扉の上部の曇りガラスから入り込んでくる光を見つめ、私は視界をそれでいっぱいにする。背後にある薄暗がりと、そして誰よりも私の心を乱す存在と。自分を失いそうになるこの状況から、目を逸らせ。
「隠したいことがあるなら、揺らいではいけない。昨日もそうだが、こうして逃げ出したりすると――それは君の隙になる」
単刀直入に切り出されて、私は光をみつめすぎてくらみかけていた目で、ゆっくりと瞬きした。逃げるなと命じられたわけではなくても、そう言われては最早逃げ出すことはできない。じわりとにじむ動揺。どう返せば誤魔化せるだろうか。いくら考えてみても、私もタカシとそうレベルは変わらないのだ。彼に挑んで、私が彼に勝てるなどとは到底思えなかった。
「日常と言うのはどうでもいいことがほとんどだが、彼の君に対する態度は気に食わない。ここ数日は特にね。だから行動に出ることにした」
静かな声音で、彼が続ける。エスカレートしてきたタカシの態度に、先生も気づいていたらしい。けれどもよく考えてみればそれもおかしな話だ。彼が生徒の――タカシの態度の変化に気付くなんて。

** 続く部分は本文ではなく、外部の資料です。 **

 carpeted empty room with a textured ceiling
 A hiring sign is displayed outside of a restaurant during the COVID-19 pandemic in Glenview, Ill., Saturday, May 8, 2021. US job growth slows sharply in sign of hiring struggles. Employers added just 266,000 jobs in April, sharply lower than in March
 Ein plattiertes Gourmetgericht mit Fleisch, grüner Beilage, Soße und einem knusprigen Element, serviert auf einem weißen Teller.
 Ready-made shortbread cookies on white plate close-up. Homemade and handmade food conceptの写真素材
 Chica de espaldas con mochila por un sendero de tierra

「君が君の言う通り彼をまっすぐ見ていたなら、俺も引く術くらい知っている。だがそうは見えなかったし、君の周りには彼しかいない。君の矛盾の理由を考えてみれば簡単な話だ。もし俺の予想通りなら、そんな理由で君を逃す気はない」
感づかれている――返す言葉に迷ったまま、私はじっとだまりこんだ。刑事に尋問される容疑者の心理はこんな感じだろうか。もうほぼバレているのに、認めればそれで終わりになる。でもこのまま黙ってはいられない。顔に出さないように努めながら、必死に心を落ちつける。

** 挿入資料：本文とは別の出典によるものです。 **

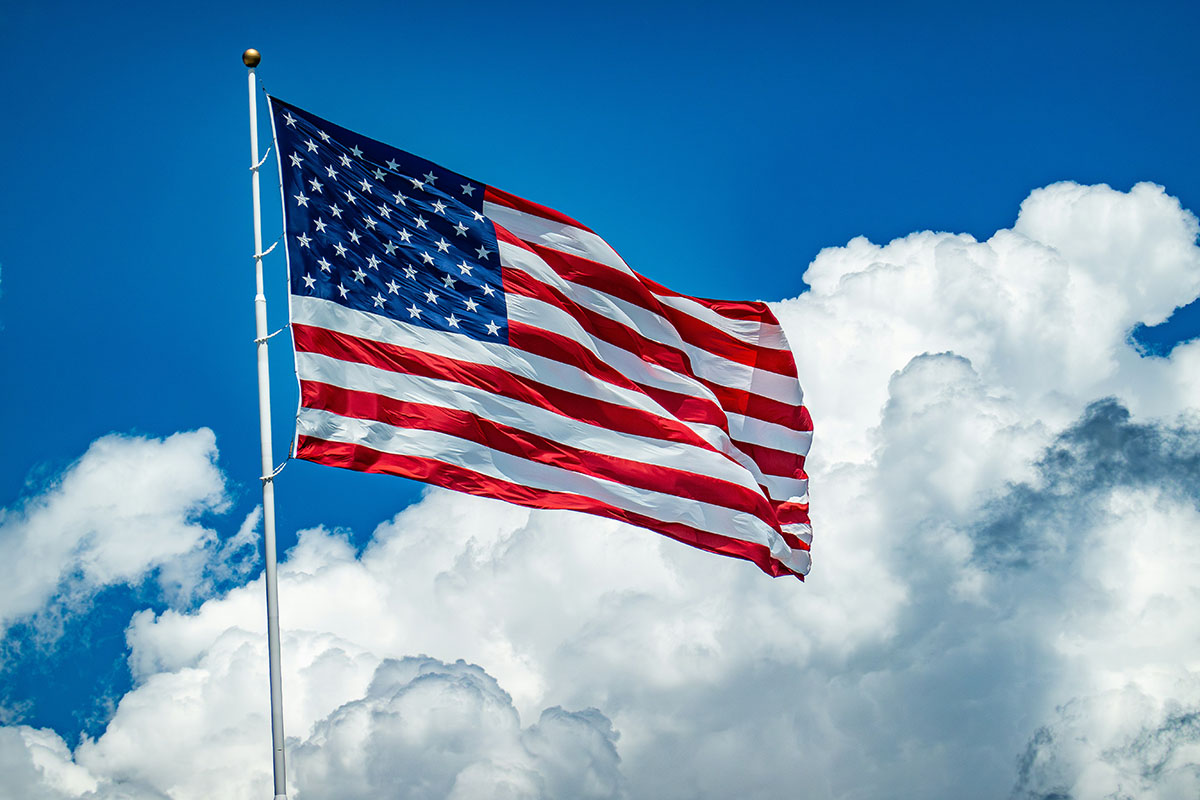 A U.S. flag with stars and stripes waving against a clear blue sky and fluffy white clouds.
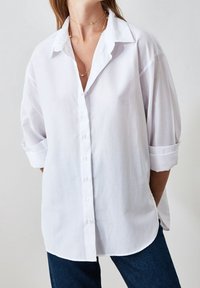Camisa blanca de botones con un corte relajado, mangas enrolladas y una textura suave y lisa. Presenta un cuello clásico y un dobladillo redondeado.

「先生の予測は杞憂です。確実にその通りだと言い切れますか? 恋人同士なんです、喧嘩のひとつふたつくらい普通でしょう」
淡々とした声で私は言い放った。タカシのことすらも利用して、嘘をついて。私は最悪な人間かもしれない。でも完璧な生徒で在れるならそれでいい。間違ってなんかいないのだ。

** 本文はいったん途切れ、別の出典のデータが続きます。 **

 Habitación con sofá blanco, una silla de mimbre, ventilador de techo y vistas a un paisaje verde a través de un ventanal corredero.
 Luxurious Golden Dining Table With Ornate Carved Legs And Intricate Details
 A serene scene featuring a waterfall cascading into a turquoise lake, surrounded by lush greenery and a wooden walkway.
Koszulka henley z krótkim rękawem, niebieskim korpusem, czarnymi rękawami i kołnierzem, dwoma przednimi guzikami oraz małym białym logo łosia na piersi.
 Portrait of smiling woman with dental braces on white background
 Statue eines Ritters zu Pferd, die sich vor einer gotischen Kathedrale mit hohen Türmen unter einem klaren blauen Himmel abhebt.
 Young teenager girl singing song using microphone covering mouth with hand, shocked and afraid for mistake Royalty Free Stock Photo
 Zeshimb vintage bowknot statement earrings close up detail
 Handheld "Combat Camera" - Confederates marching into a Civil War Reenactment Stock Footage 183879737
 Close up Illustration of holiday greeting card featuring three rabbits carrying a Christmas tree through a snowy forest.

「確かにね、言い切れるわけじゃない。君は見かけによらず、頑固なようだしね。このまま押しきってみても、君は折れないんだろう? それだと彼と同じだからね。だがさっきも言ったけど、俺も引き下がる気はない」
言って、先生は口角を片方だけ、僅かに上げた。
「君に譲れないものがあるように、俺にも譲れないものがある。逃げたいのなら、君ももう少し画策して、俺を上手く撒いてみることだ。……駆け引きだよ」
戯れな言葉を紡ぐ、大人の響きを帯びたどこか甘い声。
結局私は彼の意のままなのかもしれない。逃げ出そうとすればするほど、太刀打ちできない。すでに捕らわれている心は、簡単にその深みにはまっていく気がした。